Since launching the program last year in partnership with 2 early partners, 26 SystemReady devices in different categories have been certified.

Arm chip partners Ampere, Broadcom, Marvell, NXP, and Rockchip have certified SystemReady in evaluation kits for some of their leading chips, laying the foundation for their customers to more easily use these chips in their products Certified.

More than 10 leading ODMs have committed to use SystemReady to certify multiple products in their portfolio, including AAEON, Advantech, Avantek, Compulab, Gigabyte, Hawkeytech, Kontron, Lenovo, Pine64, Raspberry Pi and SolidRun , At present, there are dozens of commercial certified products in the market.

In addition to Red Hat, VMWare and Windows, other commercial operating systems now leveraging Arm SystemReady include Debian, Fedora, OpenSuse and Yocto Linux.

Security is critical to the scalable edge

For the scalable edge, security is as important as system standardization, especially as attacks on edge applications are becoming more frequent and sophisticated. There are now more than 80 PSA-certified products on the market from more than 50 partners, including chip suppliers, software suppliers and device manufacturers. This year, two partners, Silicon Labs and STMicroelectronics, achieved PSA Level 3 certification for the first time, achieving the highest level of security protection for IoT hardware and software, reflecting the industry’s significant investment in fundamental security.

Another key component of Project Cassini’s security is PSA-compliant Parsec, which enables software developers not only to maintain software portability, but also to take advantage of superior security features that can be directly applied to their applications. Parsec, the official sandbox project of the Cloud Native Computing Foundation (CNCF), was conceptualized by Arm and is now adopted by the open source community and integrated with operating systems such as Fedora, OpenSuse, and Yocto Linux.

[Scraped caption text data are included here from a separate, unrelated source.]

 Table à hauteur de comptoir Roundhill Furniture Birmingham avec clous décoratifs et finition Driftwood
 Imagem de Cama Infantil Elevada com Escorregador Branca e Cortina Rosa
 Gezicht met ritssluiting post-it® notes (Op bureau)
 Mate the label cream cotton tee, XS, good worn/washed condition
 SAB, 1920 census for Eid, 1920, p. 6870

Participate in driving innovation

A standardized approach to system architecture and security is the baseline for the Cassini project, and ecosystem collaboration brings true cloud-native reference implementations and blueprints to help developers realize the Arm-based vision of a secure edge. Numerous industry partners offer new reference implementations to support key edge use cases, including AI edge use cases developed with NVIDIA and Rancher, high-performance edge inference use cases developed with Redis, and VMware Co-developed computing integration application scenarios.

The success of the Cassini project at the infrastructure edge and the IoT market has already had ripple effects elsewhere. It is worth noting that the participation of the entire ecosystem is not limited to hardware companies such as chip suppliers and ODMs; numerous OEMs, Cloud Service Providers (CSPs) and other key software vendors are now fully participating in the Cassini project, with Arm Similar new projects led for the automotive and Cortex-M ecosystem:

Recently, Arm, in collaboration with automotive supply chain leaders, announced the Scalable Open Architecture for Embedded Edge (SOAFEE), a collaborative project based on the Cassini project that uses to define a cloud-native architecture compatible with the safety-critical and real-time requirements of software-defined vehicles.

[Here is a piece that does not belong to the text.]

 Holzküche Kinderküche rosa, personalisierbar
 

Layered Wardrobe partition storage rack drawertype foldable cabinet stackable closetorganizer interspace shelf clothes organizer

The newly announced Project Centauri focuses on driving the exponential growth of Cortex-M-based devices. As a key component of the new Arm IoT comprehensive solution, the Centauri project combines standards, security and a broad software ecosystem to help Cortex-M-based systems achieve a similar contribution to the Cortex-A system by the Cassini project.

  

Arm Cassini project partners to double in 2021

The diversity of the Arm ecosystem has brought about many of the technological innovations that are taken for granted today. The Cassini project aims to provide Arm partners with a scalable and secure framework for building the computing solutions of the future. The project will continue to advance standardization, security, and ecosystem collaboration to meet changing computing needs from cloud to edge to end devices.